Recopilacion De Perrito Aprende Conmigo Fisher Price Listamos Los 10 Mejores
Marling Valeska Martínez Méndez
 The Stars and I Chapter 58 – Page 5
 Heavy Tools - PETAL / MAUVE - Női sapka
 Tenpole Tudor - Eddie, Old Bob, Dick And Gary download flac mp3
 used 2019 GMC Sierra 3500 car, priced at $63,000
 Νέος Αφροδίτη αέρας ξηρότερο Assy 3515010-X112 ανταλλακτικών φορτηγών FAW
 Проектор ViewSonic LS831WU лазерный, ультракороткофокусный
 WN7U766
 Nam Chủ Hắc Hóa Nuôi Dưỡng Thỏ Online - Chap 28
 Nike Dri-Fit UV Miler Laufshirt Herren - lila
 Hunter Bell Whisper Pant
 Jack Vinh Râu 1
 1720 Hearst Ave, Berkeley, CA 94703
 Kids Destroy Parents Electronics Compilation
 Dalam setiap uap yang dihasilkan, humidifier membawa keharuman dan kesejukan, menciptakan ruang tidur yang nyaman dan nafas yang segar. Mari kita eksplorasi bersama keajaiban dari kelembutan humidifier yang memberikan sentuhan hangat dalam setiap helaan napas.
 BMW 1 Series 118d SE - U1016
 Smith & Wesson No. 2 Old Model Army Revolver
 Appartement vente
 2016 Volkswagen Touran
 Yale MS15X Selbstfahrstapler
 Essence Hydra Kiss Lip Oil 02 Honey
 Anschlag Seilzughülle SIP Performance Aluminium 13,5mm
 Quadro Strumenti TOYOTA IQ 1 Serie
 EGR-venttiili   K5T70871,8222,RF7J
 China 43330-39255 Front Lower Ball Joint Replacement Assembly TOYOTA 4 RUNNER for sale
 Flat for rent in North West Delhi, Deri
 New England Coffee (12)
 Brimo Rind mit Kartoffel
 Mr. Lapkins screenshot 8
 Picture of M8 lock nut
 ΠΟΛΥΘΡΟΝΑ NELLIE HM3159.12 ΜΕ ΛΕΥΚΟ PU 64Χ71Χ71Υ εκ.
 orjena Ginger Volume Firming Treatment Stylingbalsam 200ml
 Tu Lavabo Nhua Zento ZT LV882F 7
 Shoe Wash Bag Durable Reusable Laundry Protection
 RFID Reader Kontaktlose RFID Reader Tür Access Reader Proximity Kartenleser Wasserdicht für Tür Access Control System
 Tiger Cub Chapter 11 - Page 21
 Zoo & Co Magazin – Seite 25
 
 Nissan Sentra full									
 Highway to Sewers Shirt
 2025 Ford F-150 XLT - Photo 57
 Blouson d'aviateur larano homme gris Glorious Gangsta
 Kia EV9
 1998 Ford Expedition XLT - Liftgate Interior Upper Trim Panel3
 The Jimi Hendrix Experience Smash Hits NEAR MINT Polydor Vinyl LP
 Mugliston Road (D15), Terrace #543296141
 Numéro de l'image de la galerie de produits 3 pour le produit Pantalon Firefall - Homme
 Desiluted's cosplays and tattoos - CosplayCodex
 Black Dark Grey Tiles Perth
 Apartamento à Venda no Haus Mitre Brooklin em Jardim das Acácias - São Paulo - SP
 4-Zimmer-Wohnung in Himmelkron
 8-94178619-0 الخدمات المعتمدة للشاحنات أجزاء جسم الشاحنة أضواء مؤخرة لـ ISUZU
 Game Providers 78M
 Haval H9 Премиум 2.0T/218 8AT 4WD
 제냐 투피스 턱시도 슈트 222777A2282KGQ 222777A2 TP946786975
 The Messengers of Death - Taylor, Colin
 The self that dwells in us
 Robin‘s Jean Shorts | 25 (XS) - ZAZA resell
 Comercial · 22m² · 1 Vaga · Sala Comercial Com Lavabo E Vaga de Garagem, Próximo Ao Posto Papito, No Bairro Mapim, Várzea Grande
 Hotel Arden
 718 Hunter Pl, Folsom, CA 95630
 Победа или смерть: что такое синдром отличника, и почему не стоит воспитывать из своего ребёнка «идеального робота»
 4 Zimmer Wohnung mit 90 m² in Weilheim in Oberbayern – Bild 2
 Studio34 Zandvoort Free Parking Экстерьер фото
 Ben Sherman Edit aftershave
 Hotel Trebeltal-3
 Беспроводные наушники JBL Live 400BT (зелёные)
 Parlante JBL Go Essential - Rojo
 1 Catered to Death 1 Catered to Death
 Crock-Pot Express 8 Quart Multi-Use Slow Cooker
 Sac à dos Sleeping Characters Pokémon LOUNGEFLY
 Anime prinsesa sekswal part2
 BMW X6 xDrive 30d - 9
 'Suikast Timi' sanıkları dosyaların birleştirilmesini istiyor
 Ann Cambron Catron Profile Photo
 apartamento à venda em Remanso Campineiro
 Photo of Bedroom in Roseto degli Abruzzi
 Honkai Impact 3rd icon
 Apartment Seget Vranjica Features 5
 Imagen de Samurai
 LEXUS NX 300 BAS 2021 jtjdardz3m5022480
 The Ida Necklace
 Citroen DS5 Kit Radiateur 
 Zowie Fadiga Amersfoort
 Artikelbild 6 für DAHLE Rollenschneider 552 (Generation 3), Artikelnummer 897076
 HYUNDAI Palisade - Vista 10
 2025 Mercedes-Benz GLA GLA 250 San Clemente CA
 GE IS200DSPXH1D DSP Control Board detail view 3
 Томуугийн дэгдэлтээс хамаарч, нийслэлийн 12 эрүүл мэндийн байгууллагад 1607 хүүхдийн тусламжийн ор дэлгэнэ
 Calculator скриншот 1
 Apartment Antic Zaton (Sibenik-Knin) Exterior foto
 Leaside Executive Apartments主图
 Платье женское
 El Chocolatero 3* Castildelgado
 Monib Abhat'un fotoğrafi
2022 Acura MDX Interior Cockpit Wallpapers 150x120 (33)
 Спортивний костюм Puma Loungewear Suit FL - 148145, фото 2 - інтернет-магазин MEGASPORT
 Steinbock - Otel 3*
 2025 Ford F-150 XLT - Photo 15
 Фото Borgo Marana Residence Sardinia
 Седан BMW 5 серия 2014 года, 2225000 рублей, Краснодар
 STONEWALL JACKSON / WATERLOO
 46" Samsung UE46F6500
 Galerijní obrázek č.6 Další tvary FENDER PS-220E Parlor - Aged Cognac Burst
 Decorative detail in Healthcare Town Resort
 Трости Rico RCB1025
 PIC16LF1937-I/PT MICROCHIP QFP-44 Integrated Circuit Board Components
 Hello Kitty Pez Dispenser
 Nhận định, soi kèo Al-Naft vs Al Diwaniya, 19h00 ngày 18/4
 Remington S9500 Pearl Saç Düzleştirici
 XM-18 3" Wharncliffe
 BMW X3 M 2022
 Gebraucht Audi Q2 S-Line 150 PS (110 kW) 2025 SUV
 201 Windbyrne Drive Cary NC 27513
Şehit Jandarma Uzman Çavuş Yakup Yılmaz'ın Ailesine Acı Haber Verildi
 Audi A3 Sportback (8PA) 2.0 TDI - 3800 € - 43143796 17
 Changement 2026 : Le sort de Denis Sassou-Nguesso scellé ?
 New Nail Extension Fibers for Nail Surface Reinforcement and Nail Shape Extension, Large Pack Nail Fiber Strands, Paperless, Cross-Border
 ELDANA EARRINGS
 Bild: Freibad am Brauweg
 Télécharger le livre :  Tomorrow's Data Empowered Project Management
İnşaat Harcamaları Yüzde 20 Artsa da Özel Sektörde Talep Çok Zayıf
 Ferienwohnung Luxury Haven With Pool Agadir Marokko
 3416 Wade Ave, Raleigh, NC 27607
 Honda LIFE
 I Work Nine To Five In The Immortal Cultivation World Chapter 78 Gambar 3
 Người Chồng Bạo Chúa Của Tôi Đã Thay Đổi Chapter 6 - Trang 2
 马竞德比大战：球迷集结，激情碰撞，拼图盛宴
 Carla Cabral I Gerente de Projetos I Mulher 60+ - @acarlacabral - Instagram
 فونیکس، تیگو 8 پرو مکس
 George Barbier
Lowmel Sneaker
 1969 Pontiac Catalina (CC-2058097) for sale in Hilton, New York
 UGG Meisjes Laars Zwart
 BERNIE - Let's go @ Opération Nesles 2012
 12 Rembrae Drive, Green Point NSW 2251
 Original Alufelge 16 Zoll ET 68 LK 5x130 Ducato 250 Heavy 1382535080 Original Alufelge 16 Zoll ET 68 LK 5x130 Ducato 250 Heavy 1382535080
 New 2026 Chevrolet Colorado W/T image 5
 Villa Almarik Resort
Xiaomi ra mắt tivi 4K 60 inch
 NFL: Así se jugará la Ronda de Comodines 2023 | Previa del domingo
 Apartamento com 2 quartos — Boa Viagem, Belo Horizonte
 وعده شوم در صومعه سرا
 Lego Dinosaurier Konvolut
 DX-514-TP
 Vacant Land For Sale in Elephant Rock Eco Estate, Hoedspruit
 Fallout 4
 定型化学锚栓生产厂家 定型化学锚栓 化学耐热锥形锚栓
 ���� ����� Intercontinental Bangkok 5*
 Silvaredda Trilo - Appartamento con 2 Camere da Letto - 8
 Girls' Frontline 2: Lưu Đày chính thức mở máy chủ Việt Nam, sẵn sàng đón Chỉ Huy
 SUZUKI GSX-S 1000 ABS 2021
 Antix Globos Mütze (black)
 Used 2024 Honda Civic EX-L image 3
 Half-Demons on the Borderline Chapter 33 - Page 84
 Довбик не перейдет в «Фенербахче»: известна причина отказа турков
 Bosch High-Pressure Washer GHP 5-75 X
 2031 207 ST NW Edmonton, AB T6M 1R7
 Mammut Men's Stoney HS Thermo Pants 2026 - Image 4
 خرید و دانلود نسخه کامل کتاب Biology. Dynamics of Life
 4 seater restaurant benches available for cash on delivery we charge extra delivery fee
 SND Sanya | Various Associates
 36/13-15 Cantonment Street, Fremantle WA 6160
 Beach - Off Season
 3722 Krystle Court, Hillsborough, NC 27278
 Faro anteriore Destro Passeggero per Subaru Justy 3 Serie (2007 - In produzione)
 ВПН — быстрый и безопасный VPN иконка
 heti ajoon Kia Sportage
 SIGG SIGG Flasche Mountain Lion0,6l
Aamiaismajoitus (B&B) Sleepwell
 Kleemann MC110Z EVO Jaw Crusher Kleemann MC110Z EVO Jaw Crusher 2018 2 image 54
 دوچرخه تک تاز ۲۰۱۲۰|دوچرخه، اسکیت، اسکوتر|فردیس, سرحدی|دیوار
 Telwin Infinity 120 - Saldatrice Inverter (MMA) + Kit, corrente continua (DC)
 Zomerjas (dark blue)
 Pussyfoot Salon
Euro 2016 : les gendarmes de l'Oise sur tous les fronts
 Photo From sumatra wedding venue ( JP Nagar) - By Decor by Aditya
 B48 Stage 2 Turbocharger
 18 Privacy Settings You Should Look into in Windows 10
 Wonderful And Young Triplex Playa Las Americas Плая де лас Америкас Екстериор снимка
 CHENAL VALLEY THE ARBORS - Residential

### Task requirements
Working through the entries line by line, count those containing "Chapter" and report only the number.

### Answer for the task
5